Darmo semakin mengikis jarak di antara mereka. Dia kini sudah berdiri tepat di belakang Hanna.
Seharusnya Hanna menjaga jarak dari pria paruh baya itu. Namun dia justru diam saja ketika Darmo berdiri terlalu dekat dengannya.
Greb
"Non Hanna benar-benar sangat cantik. Saya saja yang sudah tua sangat suka melihat wajah Non Hanna." kata Darmo dengan suara beratnya. Jangan lupa tangannya yang sudah berada di atas pundak gadis itu.
Hanna masih diam, sibuk memikirkan pujian yang tak henti dilayangkan oleh pria tua itu. Dia tidak sadar jika tangan Darmo mulai berani mengelus lengan polosnya.
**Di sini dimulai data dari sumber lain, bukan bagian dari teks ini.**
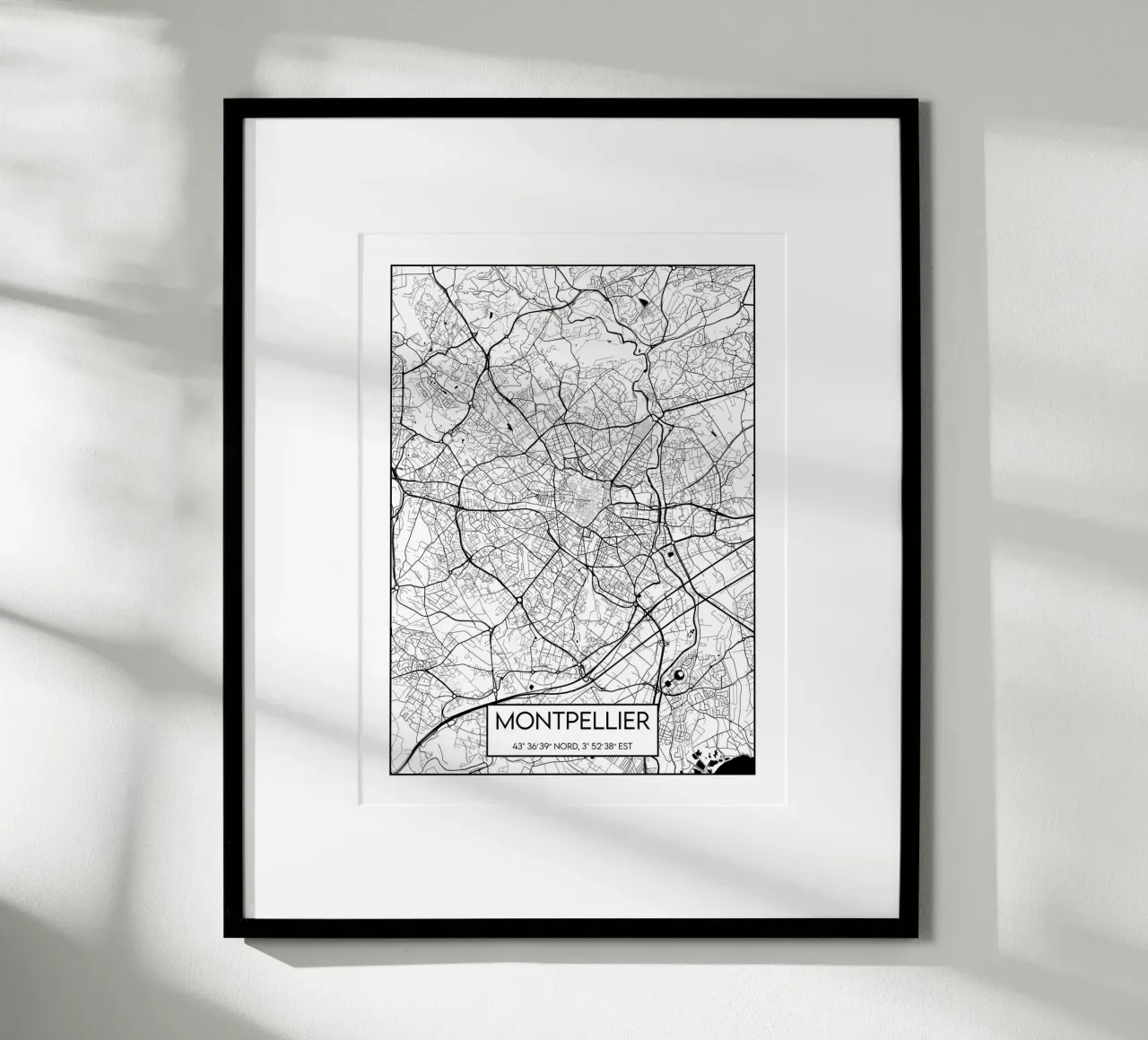 Mappa di Montpellier poster con telaio in legno da Frame the World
"Jika waktu bisa diputar, saya pasti akan memilih Non Hanna menjadi istri saya." Darmo masih gencar melayangkan gombalannya.
"Tapi sayang sekali itu semua hanya angan-angan." kata Darmo berujar sedih. Namun tidak dengan netra jelaganya yang jelalatan menatap gundukan kenyal milik Hanna, yang menyembul sedikit dari celah gaun tidur yang gadis itu kenakan.
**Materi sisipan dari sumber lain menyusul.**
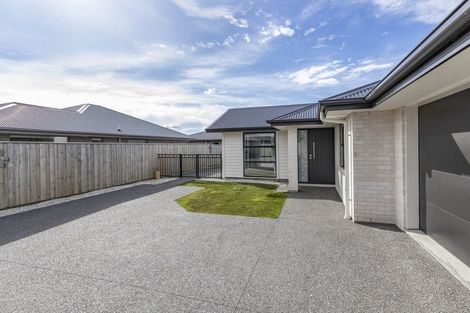 Photo of property in 82a Watkins Drive, Rangiora, 7400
Hanna menggigit bibirnya bawahnya gugup karena tak tahu harus menimpali ucapan Darmo seperti apa. Dan di saat-saat itulah dia baru menyadari jika pria itu sedari tadi terus mengelus lengannya.
"Eng, Pak.. Hanna pamit mau tidur dulu." ujar Hanna kikuk.
Darmo memilih mengalah malam ini. Dia tidak bisa dengan terang-terangan menunjukkan ketertarikannya pada Hanna. Dan dirinya sudah mengatur siasat agar gadis itu tidak menyadari akan perbuatannya.
"Ya sudah, kalau begitu silakan, Non." Darmo melepaskan sentuhannya dari lengan Hanna.
Gadis itu mengangguk kecil dengan raut kikuk. Sebelum kemudian berlalu meninggalkan Darmo yang masih berdiri di tempatnya, dengan tatapan yang tak lepas dari Hanna.
"Saya semakin tidak sabar ingin menyentuh kamu lebih jauh lagi, Non Hanna." gumam pria itu dengan kobaran gairah yang terlihat jelas di matanya.